* _WHAT YOU HAVE TO DO_
Pull out every line below that holds the word "Figure".

* _EXERCISE DATA_
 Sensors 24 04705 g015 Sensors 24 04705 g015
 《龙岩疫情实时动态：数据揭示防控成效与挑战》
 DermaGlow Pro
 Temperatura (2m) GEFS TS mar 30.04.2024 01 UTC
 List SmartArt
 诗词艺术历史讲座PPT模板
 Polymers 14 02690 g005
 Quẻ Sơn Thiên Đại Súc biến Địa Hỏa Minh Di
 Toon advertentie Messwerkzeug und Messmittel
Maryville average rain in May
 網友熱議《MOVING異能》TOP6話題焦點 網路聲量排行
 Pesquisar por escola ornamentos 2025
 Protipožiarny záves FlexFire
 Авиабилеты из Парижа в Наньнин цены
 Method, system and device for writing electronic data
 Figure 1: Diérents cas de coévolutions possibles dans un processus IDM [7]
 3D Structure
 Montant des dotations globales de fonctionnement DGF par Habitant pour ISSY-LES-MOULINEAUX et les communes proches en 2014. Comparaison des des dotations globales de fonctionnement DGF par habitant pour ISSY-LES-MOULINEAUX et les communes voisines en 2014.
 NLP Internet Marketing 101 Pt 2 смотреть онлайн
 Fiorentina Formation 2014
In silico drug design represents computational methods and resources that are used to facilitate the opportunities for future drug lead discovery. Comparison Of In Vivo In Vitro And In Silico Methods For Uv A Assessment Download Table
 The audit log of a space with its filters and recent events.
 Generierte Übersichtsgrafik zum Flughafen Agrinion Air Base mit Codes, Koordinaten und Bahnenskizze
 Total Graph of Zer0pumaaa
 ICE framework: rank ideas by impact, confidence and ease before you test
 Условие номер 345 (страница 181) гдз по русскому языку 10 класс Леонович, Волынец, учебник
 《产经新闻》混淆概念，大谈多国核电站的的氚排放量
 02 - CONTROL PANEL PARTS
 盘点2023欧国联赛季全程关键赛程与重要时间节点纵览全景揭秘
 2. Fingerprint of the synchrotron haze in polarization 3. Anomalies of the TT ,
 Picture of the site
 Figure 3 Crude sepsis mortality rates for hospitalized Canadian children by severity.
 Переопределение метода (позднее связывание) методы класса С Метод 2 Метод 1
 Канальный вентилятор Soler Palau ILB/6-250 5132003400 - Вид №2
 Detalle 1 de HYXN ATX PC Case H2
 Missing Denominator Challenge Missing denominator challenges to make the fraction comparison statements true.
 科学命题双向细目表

* _RESPONSE TO THE TASK_
 Figure 1: Diérents cas de coévolutions possibles dans un processus IDM [7]
 Figure 3 Crude sepsis mortality rates for hospitalized Canadian children by severity.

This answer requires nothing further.